August 2021 Goals
01 August 2021

# First a review of July:

Break down of time:

• 2.5 hrs of writing (for blog)
• 6.5 hrs of study
• 25.5 hrs of game dev.

I failed to do any just for fun programming :(

I did however get 3500 impressions on my tweeting on Twitter! A massive growth and also a realisation I am doing twitter wrong.

Study was mostly revising linear algebra. Good fun.

So I hit the twitter goal and the game dev goal but not my other ones.

# What went right?

I think the hightlight is the little platform game I am working on. This was originally programmed in Rust but I found myself focussing on Rust too much when I really wanted to focus on Game Development. I rewrote the code in C++ using the RayLib library.

Again to not focus on code I restricted myself to not using the std library of C++. It meant I had to write some replacements but the advantage is I avoid the rabbit holes that dives into the std library can be. Fairly unexpectedly the first object I created that is already in the std library was an optional type, followed by a Memory Arena.

I don't currently think this is costing me much, well actually anything, in productivity. The added bonus of no allocations in the game loop (well at least in my code) is much easier to achieve.

No allocation means most data structures do not managed their own memory. I do not make use of any destructors. Well I guess I use atexit to ensure things are free-ed when the game exits.

This pretty much makes the data structures fairly dump. There are methods attached to them, so I am not using a C style of coding.

Exceptions are not being used. In a game as simple as this they just are not really needed, at least I have not found a reason to use them. Even though I don't like them I am not going out of my way to avoid them, just like basic runtime polymorphism. I will use them if it simplifies the code in an objective, global, way.

I am using Raylib fairly minimally, really just as a hardware abstraction layer. That is I am writing my own little 2D physics system and pretty much everything else.
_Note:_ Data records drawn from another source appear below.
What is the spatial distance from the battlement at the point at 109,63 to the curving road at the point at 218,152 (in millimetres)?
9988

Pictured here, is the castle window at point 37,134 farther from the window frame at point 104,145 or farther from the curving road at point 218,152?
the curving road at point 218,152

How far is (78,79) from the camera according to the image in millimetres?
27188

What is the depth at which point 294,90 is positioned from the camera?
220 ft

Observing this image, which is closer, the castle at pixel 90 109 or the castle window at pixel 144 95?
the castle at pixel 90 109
It is good fun focussing on these problems and the simplicity feels refreshing.

A year or two ago I would have attempted this in C. C++ does have some object advantages. Function overloading the is open to extension, Sure _Generic in C allows function overloading but you are constrained defining overloads in one location

Operator overloading is also nice for math things. Again an extension in C gets you a long way but not quite as smoothly.
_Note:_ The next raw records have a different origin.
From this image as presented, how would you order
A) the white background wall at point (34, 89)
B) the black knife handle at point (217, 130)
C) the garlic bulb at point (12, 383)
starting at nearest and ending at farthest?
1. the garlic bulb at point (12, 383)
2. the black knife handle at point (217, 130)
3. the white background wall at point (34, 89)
I won't continue as that should be a subject for a different blog post.

There is an actual work plan so this project is actually more organised than my usual attempts. Perhaps it will raise the chance of actually finishing it in a reasonable time frame.

# What went wrong?

Well nothing really or everything. The feeling of burn out that I mentioned last month probably reared it's head and lowered my productivity as measure in time. I am also training to do a fairly long run. This is eating into my free time like there is not tomorrow. It is fair to say I am/was quite out of shape and there is a 50% chance I won't make it round the course.
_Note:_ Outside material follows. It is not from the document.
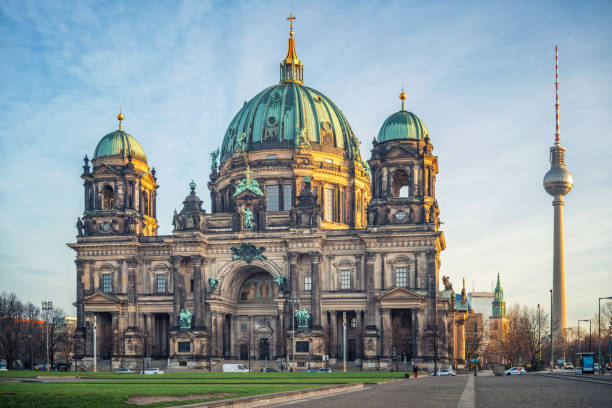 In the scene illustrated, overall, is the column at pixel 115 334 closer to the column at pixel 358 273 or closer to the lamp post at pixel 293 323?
A: the lamp post at pixel 293 323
Training for a run saps my energy and doesn't leaving me wanting to study stuff in the evening. Hence the lower number of hours spent to that.

2.5 hrs of writing was spent trying to see if I could cover the RefTerm event. It was actually quite hard to do in a way that covered everything I wanted to say. On one hand it feels like a mini Mike Acton at CPPCon on the other hand people talked past each other so much I am not sure it really helped understanding. As the event is receding into the past I am not that motivated to finish the article. Just attempting to write it did encourage me to think fairly deeply (particularly while out running) so time was not wasted, just no tangible thing at the end of it.